Using cheater ice in an Old Fashioned results in “a debased ‘cocktail lite,’ with thin flavors and watery insipidness,” writes Atlantic columnist, Wayne Curtis. “A cheater-ice cocktail is chillier (numbing the taste buds) and more watery (making it flat).”
IMAGE: Kold-Draft ice. Photo by Melissa Hom, from a slideshow in New York magazine.
Freeman, Maloney, and their fellow ice-aficionados prefer to recreate the forms of ice listed in historic cocktail recipes: block, chunk, cracked, or snow. The popular Kold-Draft machines (from roughly $2,500, new) turn out perfect, solid 1.25″ cubes, which, bartenders note, means that you use just three or four cubes in a Collins glass.
Depending on the drink in question, others swear by two-inch cubes made in plastic household organiser trays (“which happens to fit just perfectly inside a double-old-fashioned glass,” says Eben Freeman), or even eight-inch tall columnular structures that, according to Kathryn Weatherup of New York City’s Weather Up bar, “fit perfectly into the rocks glasses that we use for the shaken-cocktail drinks.” Huge four-by-three inch ice blocks work best for punch-bowl service, while at the opposite end of the scale, fast-chilling crushed ice, or “snow,” is perfect for “juleps and swizzles.”
IMAGE: (left to right, top to bottom) 2″ ice cube, hand-carved ice sphere, snow, and an 8″ ice cube column. All photos by Melissa Hom, from a slideshow in New York magazine.
There is, as yet, no mention of gendered ice in the cocktail literature. No slow-moving manly chunks, on which a cask-aged rye would feel at home; no whiter, faster-melting feminine ice that would add a certain sparkle to a Cosmopolitan or Appletini; and certainly no glacially-married combination for the unisex martini.

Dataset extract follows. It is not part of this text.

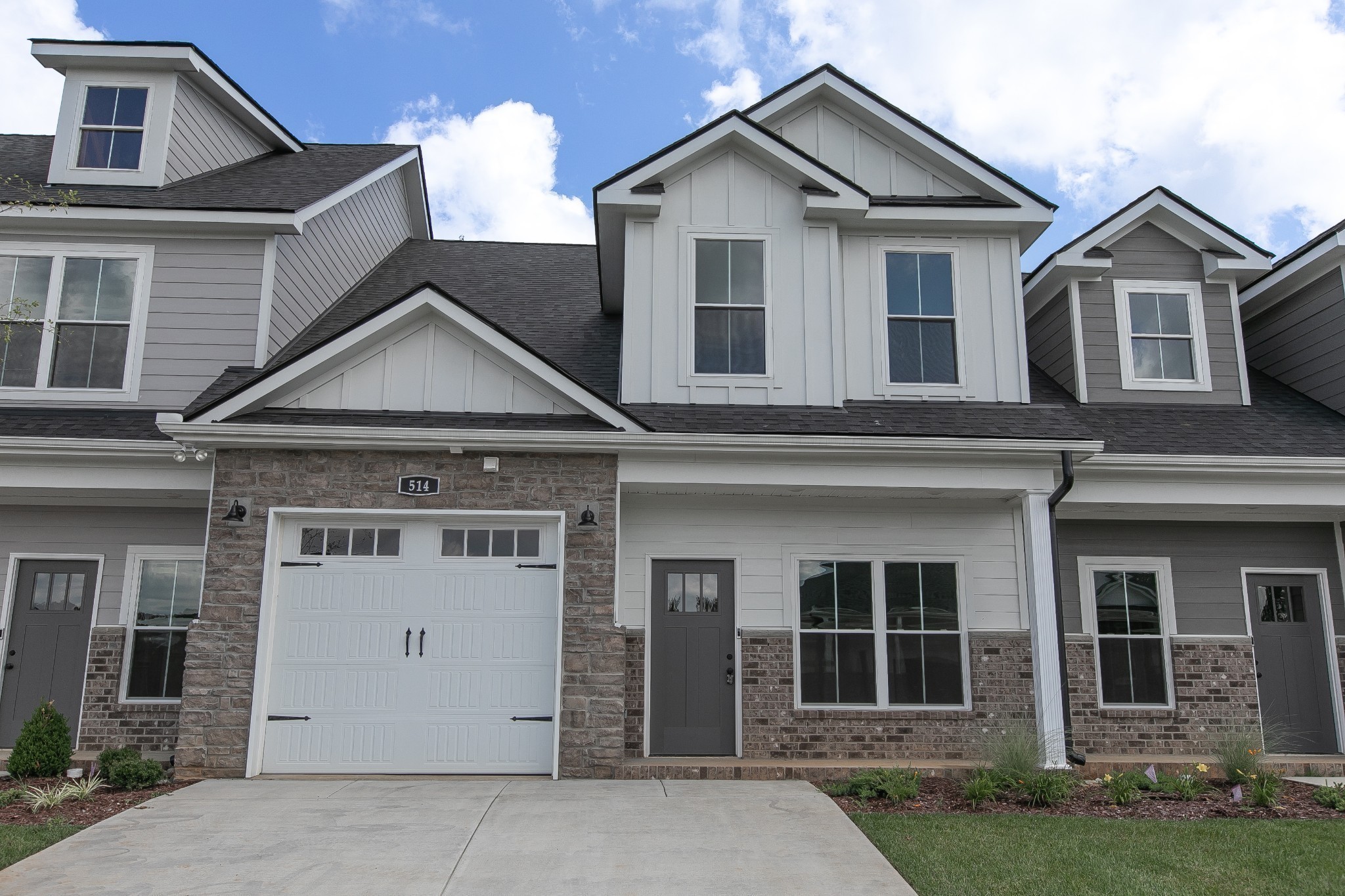 front view of a house with a yard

I can’t imagine, however, that once introduced to the magic of artificial glacier-growing, the ice avant-garde would simply import its gender stereotypes and be done.

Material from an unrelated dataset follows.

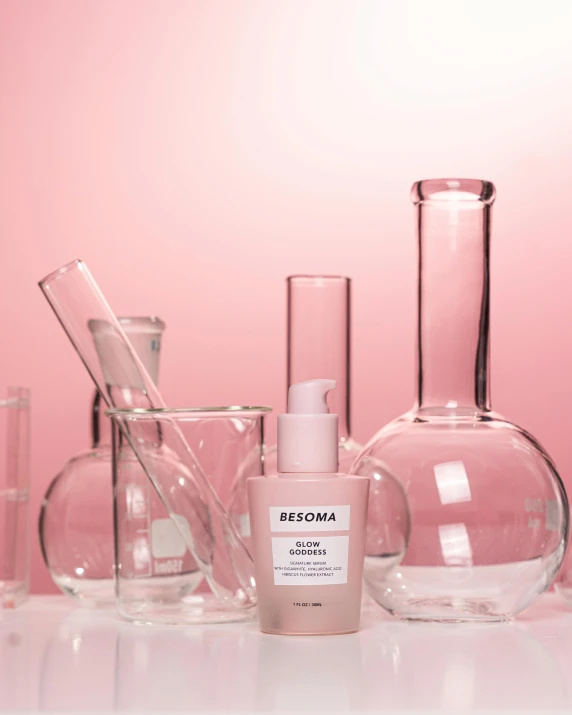 a table filled with many different clear glassware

Instead, why not build their own on-site, custom glaciers?
After all, Japanese-trained mixologists already freeze water into large blocks, in order to hand carve spheres, diamonds, or abstract ice shards using both knives and ice picks. A small home-grown glacier, built in a bar’s basement or backroom, could not only sustain a weekend’s worth of heavy drinking, but also provide creative bartenders with a much greater sculptural scope.
Then there is the question of ingredients. While traditional techniques call for pebbles and sawdust to be embedded in a glacier’s starter matrix, today’s cocktailing elite could substitute orchid flowers, raspberries, or espresso beans to create flavour accented glaciers – and then invite guests to watch them hand hew berry-studded chunks, the perfect finishing touch for a Brownie Cognac or Irish coffee. The theatrical potential of custom artificial glaciers might be second only to the champagne fountain.
IMAGE: (left to right) Raspberry-embedded ice, ice-tea cube, and orchid-flower-embedded ice. All photos by Melissa Hom, from a slideshow in New York magazine.
Sophisticated bartenders already use double- or triple-filtered water for their cubes, but in order to build and maintain your own in-house glacier, it would make sense to set up a sponsorship deal with a high-end mineral water (Canada’s Berg, perhaps, made exclusively from Newfoundland icebergs) – or perhaps even a liquor company, for pure, glacier-fresh Absolut ice crystals and shards of frozen Courvoisier. In fact, multiple mini-glaciers would be required to permit the most ambitious alcoholic pairings.
As part of the current artisinal trend in beer, wine, and spirits, if not in terms of form and flavour design, vernacular Himalayan glacier grafting techniques have the potential to revolutionise the cocktails of tomorrow.